= Sahara–Birla Papers =

2013 documents leak

The Sahara-Birla Papers are computer printouts and diaries with purported details on money paid by Sahara Group and Aditya Birla Group to some of the ministers and judges in India.

==Raids==
During its raids in 2013 and 2014, the CBI seized some diaries from two big Indian companies, Sahara Group and Aditya Birla Group. These diaries contained references of alleged payments made to leaders belonging to as many as 18 political parties including BJP, Congress, JDU, BJD etc.

==Alleged references to Modi==
Among the recovered content were some entries mentioning "Gujarat CM" and "Ahmadabad Modiji". Citing these entries, on 21 December 2016, the opposition leader Rahul Gandhi alleged that Modi received cash bribes worth ₹65 crore from Sahara Group and Aditya Birla Group when he was the chief minister of Gujarat.

===Other leaders named===
Various leaders were named in Sahara-Birla Papers :
- Shivraj Singh Chouhan
- Raman Singh
- Shaina NC
- Sheila Dixit
- Jayanthi Natarajan

==Supreme Court petition==

In November 2016, advocate Prashant Bhushan filed a plea in the Supreme Court of India asking for investigation of the alleged bribe payments made to some senior public servants including Modi. On 25 November 2016, a Supreme Court bench of Justice JS Khehar and Justice Arun Kumar Mishra refused to order probe into the case stating that the material cited doesn't arouse its conscience. In next hearing on 11 January 2017, the new bench consisting the Justice Arun Mishra and Justice Amitava Roy dismissed the plea stating that the evidence provided was insufficient.
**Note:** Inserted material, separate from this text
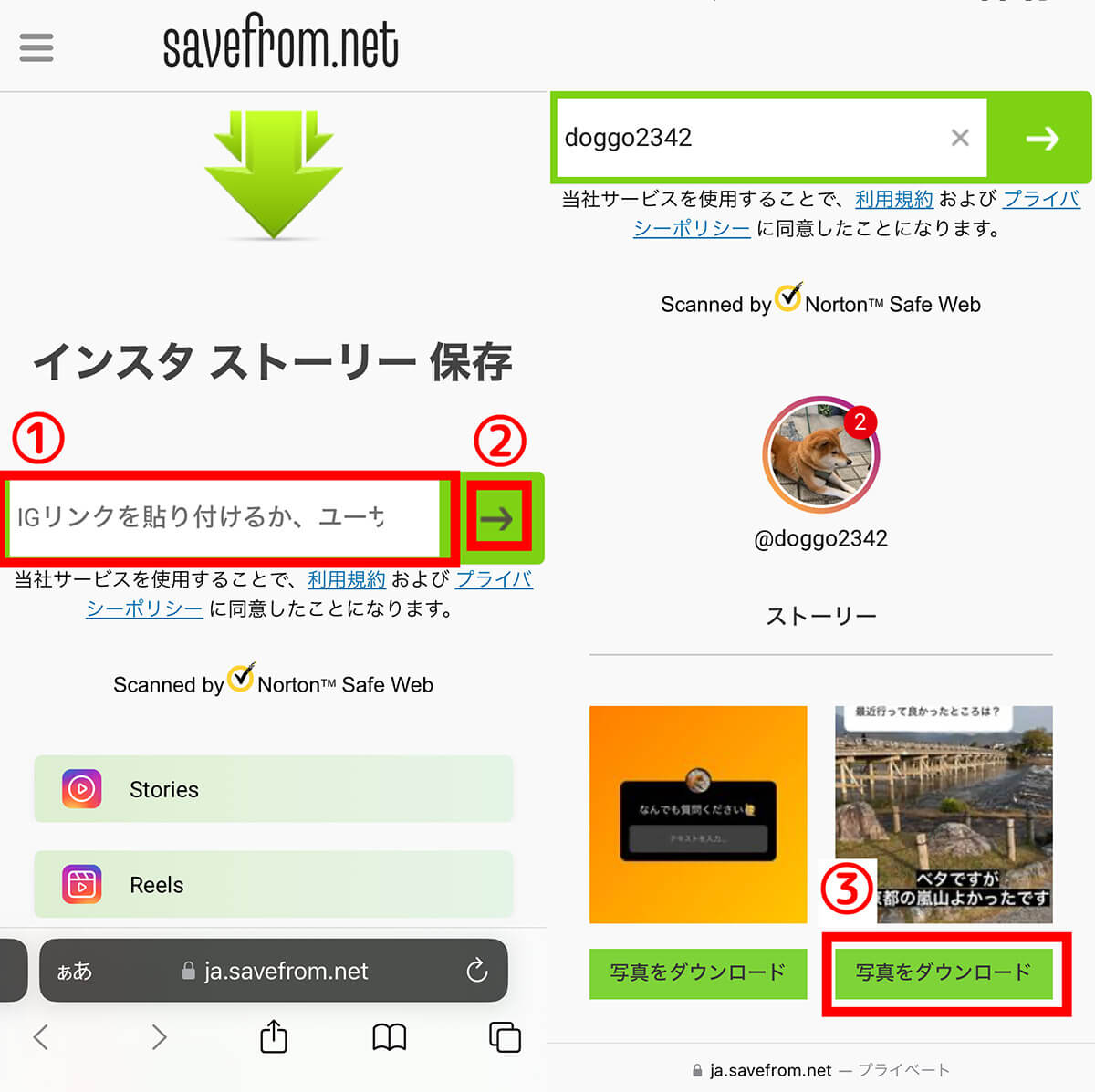 savefrom.net：複数のストーリーを効率よく保存可能1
===Reactions to dismissal===
Later on, Justice Mishra was criticised by a section of advocates and activists for siding with the Modi government in multiple judgements during his tenure at the Supreme Court. The Economic and Political Weekly stated that the Supreme Court ruling had deadly implications and the case had rewritten a 145-year-old law. The Wire questioned the manner in which the Supreme Court buried the Sahara-Birla diaries' investigation.